Question

How do you calculate \[{\tan ^{ - 1}}\left( {\dfrac{{\sqrt 3 }}{3}} \right)\]?

Answer 1

Hint: In the given question, we have been given a trigonometric function. This trigonometric function is raised to some negative power. Also, this trigonometric function has a constant as its argument. We just need to know what this negative power means. Any trigonometric function raised to this negative power means that it is the inverse of that trigonometric function. So, we have to find the inverse of the given trigonometric function. By finding the inverse it means that we have to find the angle which when put into the given trigonometric function, yields the same value as is given in the inverse of the trigonometric function.

Complete step by step answer:
The given trigonometric function is \[{\tan ^{ - 1}}\left( {\dfrac{{\sqrt 3 }}{3}} \right)\]. When a trigonometric function is raised to a negative power, it means that we have to find the inverse of the given trigonometric function. By finding the inverse it means that we have to calculate the angle which gives the value which is inside the given inverse of the trigonometric function.
First, we are going to simplify the argument of the function.
\[\dfrac{{\sqrt 3 }}{3} = \dfrac{{\sqrt 3 }}{{\sqrt 3 \times \sqrt 3 }} = \dfrac{1}{{\sqrt 3 }}\]
So, we have to evaluate \[{\tan ^{ - 1}}\left( {\dfrac{1}{{\sqrt 3 }}} \right)\].
And, we know, \[\tan \left( {\dfrac{\pi }{6}} \right) = \dfrac{1}{{\sqrt 3 }}\]
So, \[{\tan ^{ - 1}}\left( {\dfrac{1}{{\sqrt 3 }}} \right) = \dfrac{\pi }{6}\]

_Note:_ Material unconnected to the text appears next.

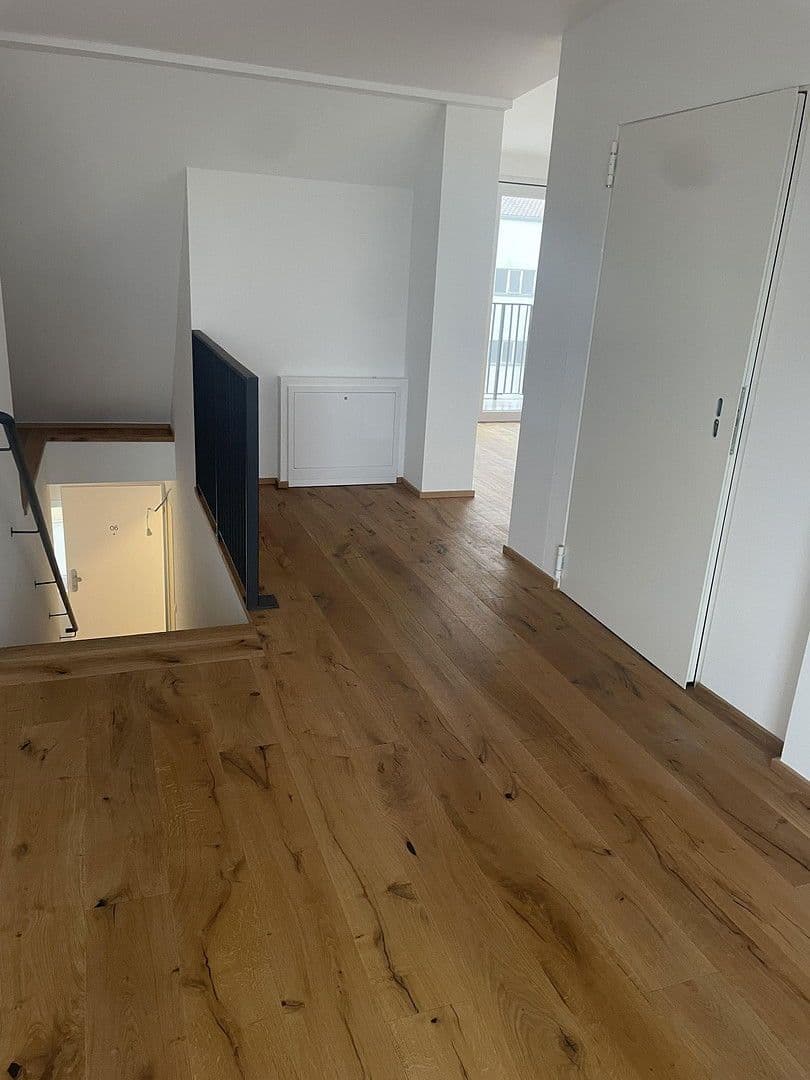 Pronájem bytu 3+1 66 m², Ketzergasse 30, Wien, Wien Pronájem bytu 3+1 66 m², Ketzergasse 30, Wien, Wien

Hence, the value of the given trigonometric function is \[\dfrac{\pi }{6}\].

Note:
So, for solving questions of such type, we first write what has been given to us. Then we write down what we have to find. In the given question, we just needed to know what the negative sign over the given trigonometric function means. Then we just used the concept that we got (which is inverse of a function) and we simply just found the answer to the question.